Moreover, one in 15 said such an incident happened to them during past semester.
A research article on the survey sheds light on a phenomenon that has been described both as being on the rise and as an urban legend in scientific literature, the authors say.
They say the problem is more than an urban legend—83 participants reported they drugged somebody or knew somebody who did.
The survey gathered responses from over 6,000 participants aged 18-24. Over 80 percent were white, and almost two-thirds female. It was conducted at the University of South Carolina, the University of Kentucky, and the University of Cincinnati in 2012 and 2013.
Among those who believed to be victims of drugging:
- more than two thirds reported they blacked out;
- about a third got physically ill;
- more than one in 20 was forced to sex (23 women and 2 men);
- about one in seven enjoyed it.
When asked why they thought they were drugged, top answer for men was to “have fun” or “be funny,” while for women it was “sex” or “sexual assault.”
“The guy who [drugged me] was an exchange student at a house party some friends took me to,” a female survey participant said.
“Afterward, they took me to another friend’s house to ‘recover’ since I was not in shape to go back to the dorm. They put me in his bed to sleep it off and I later woke up without any clothes. They told me that both incidents were my fault, leading me to stop talking to them.”
A male survey respondent said: “I have drank many times before, but it has never had this kind of effect, especially since I did not drink an excessive amount . . . the guys who may have been responsible made comments about giving me a ‘present’ while we were taking shots.”
The study authors acknowledged they had no way of telling if the people who said they were drugged actually were. Sometimes people may have misjudged how much they drank or didn’t realize the effects of combining alcohol with prescription drugs.

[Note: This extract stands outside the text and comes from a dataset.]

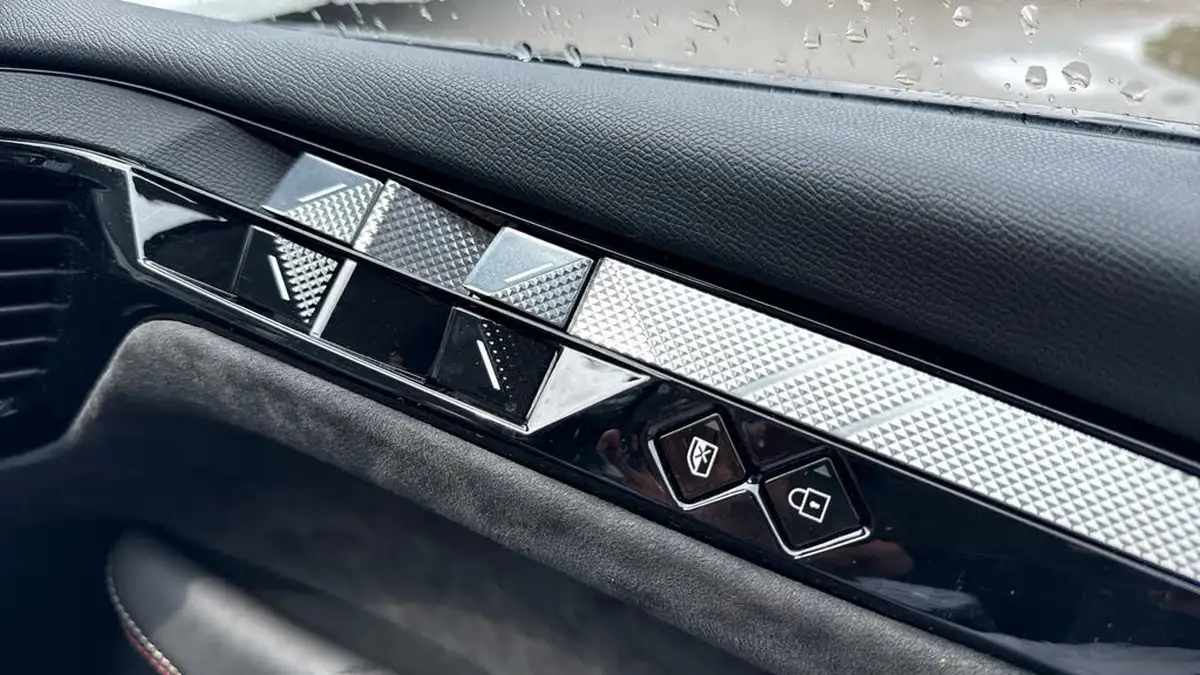 2024-ds-ds-4-e-tense-performance-line-nav-big-21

One of the participants described the experience:
“It does not feel that you are drugged at first and then you start to realize certain things that you are doing are not something that you would do. The scariest thing about it is that you have no control over your body, but you have to be the one that has to identify that you have been drugged.”
The article on the survey was published in the journal Psychology of Violence of the American Psychological Association.
10 Tips on How to Avoid Having Your Drink Spiked
- Don’t accept drinks from other people.
- Open containers yourself.
- Keep your drink with you at all times, even when you go to the bathroom.
- Don’t share drinks.
- Don’t drink from punch bowls or other common, open containers. They may already have drugs in them.
- If someone offers to get you a drink from a bar or at a party, go with the person to order your drink. Watch the drink being poured and carry it yourself.
- Don’t drink anything that tastes or smells strange. GHB, one of the more commonly used drugs, sometimes tastes salty.
- Have a nondrinking friend with you to make sure nothing happens.
- If you realize you left your drink unattended, pour it out.
- If you feel drunk and haven’t drunk any alcohol—or, if you feel like the effects of drinking alcohol are stronger than usual—get help right away.